映画評「ヒトラーに盗られたうさぎ」

☆☆☆★(7点/10点満点中)
2019年ドイツ=スイス=イタリア合作映画 監督カロリーネ・リンク
ネタバレあり

ジュディス・カーというドイツ出身の児童文学者(絵本作家)の少女時代を描いた伝記もの。彼女自身の自伝的小説が原作だが、姓名が変えられている。原作由来か映画における改変かは不明。

1933年のベルリン。

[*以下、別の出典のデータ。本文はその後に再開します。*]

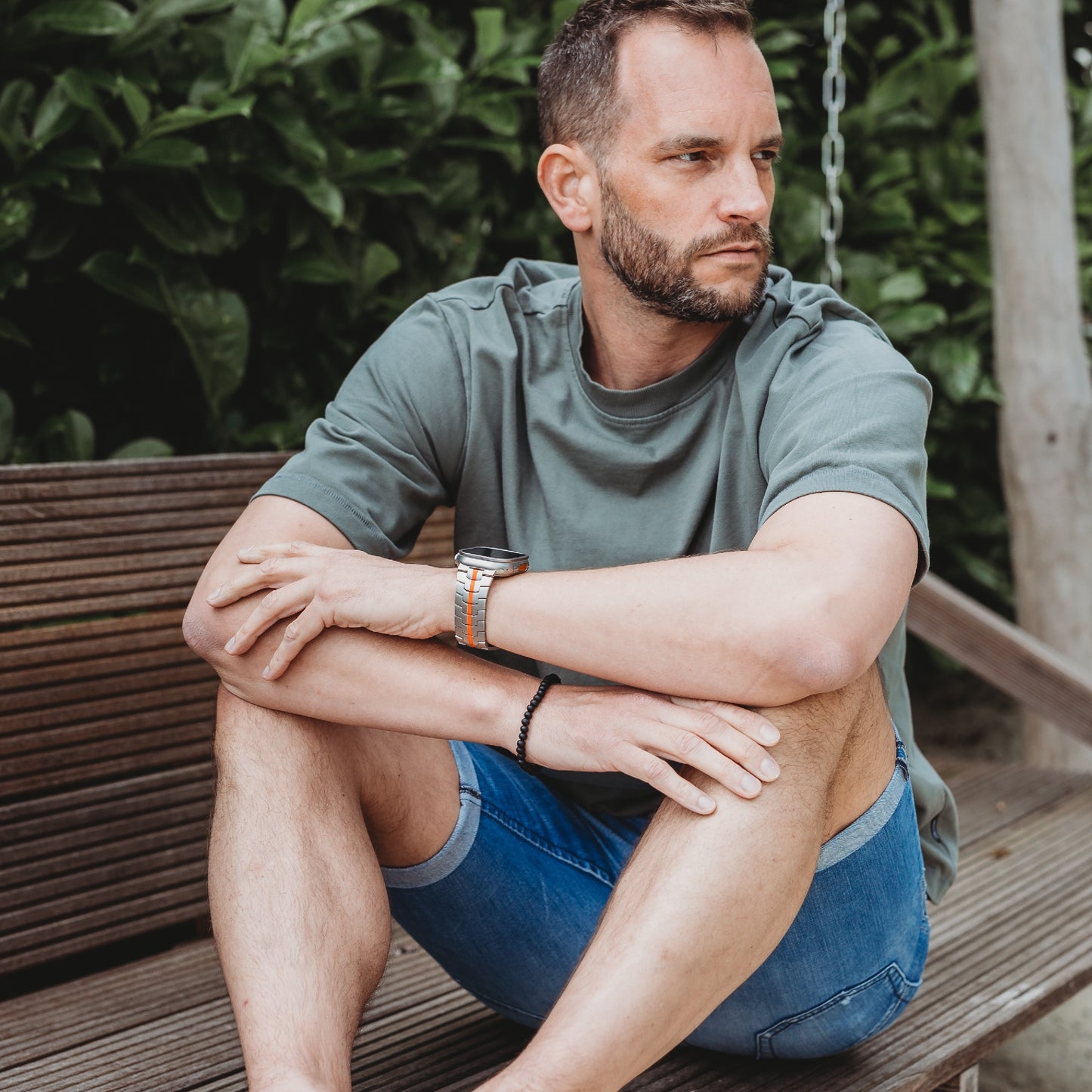Ein Mann mit kurzen Haaren und Bart sitzt im Schneidersitz auf einer Holzbank im Freien. Er trägt ein graues T-Shirt, blaue Shorts und ein Arktisband Apple Watch Ultra Armband TITANIUM F-15. Im Hintergrund sind grüne Pflanzen zu sehen.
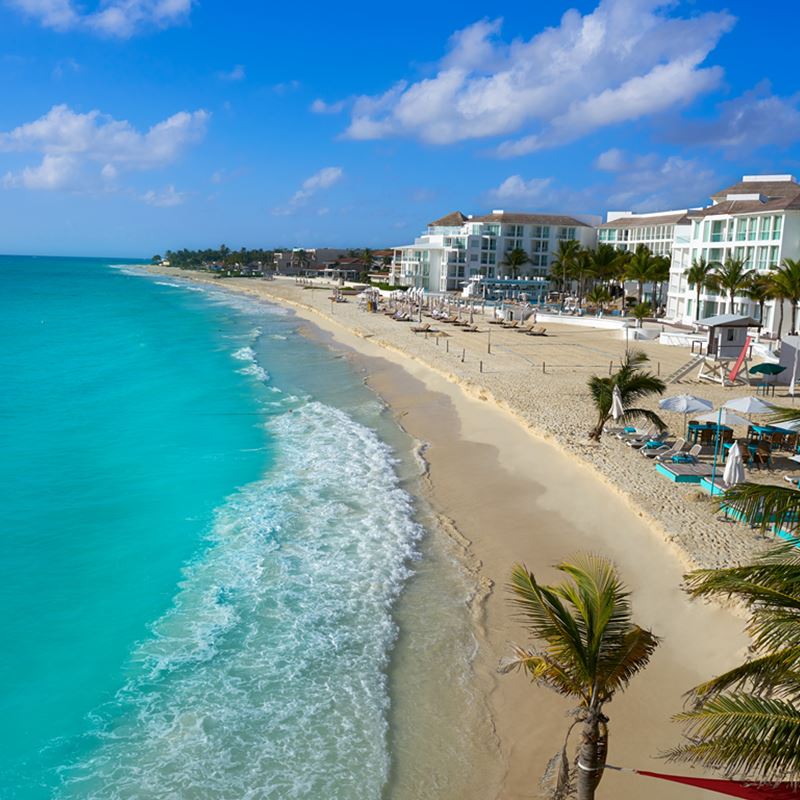 Aerial view of Playa del Carmen with turquoise ocean, beach and resorts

ナチスを批判してきたユダヤ人の演劇批評家アルトゥア(オリヴァー・マスッチ)は選挙の動向次第で自身と一家に危険が及ぶと察知、ナチス勝利という選挙結果を受け、事前に逃避していたスイスに妻ドロテア(カーラ・ユーリ)、息子マックス(マリヌス・ホーマン)、娘アンナ(リーヴァ・クリマロフスキ)を呼び寄せる。この娘が即ち後のジュディス・カー(本名アンナ・ユーディット(ジュディス)・ゲルトルート・ヘレネ・カー)。
 安全性が一番高いのは中立国スイスであるが、一家は収入を求めて、父親の執筆業がナチスを警戒するスイスより出来るフランスはパリへと向かう。しかし、仕事は得たものの思ったより収入にならないアルトゥアがナポレオンを題材に脚本を書いたところ、英国の製作者に買ってもらうことになり、かくして一家は英国へ向かう。

一家はそのまま英国に住み着きアンナは英国の児童文学者として世に出たわけだが、本作の見どころはそうした経緯より、ドイツにおける、あるいはスイスにおける、あるいはフランスにおけるヒロインの学校生活や友情関係である。
 ローティーンにもならない彼女の、大好きな大人や友人たちの別れは悲しくもあっただろうが、フランス小学校時代の父親との旅を綴った作文が表彰されたように、彼女の人生の糧となったと思う。

ナチス絡みはどうしても悲惨すぎて胸が苦しくなるものが多い中、父親の職業故にナチスの追及を二度も先んじて逃れることができたという、寧ろハッピーな内容なのが好もしい。児童ものらしく、変に高尚ぶらず、伸び伸びとしたタッチであるのも良い。

監督をしたカロリーネ・リンクはかつてケストナー「点子ちゃんとアントン」を映画化している。奇しくも今日、予約していたこの本を図書館から借りて来る。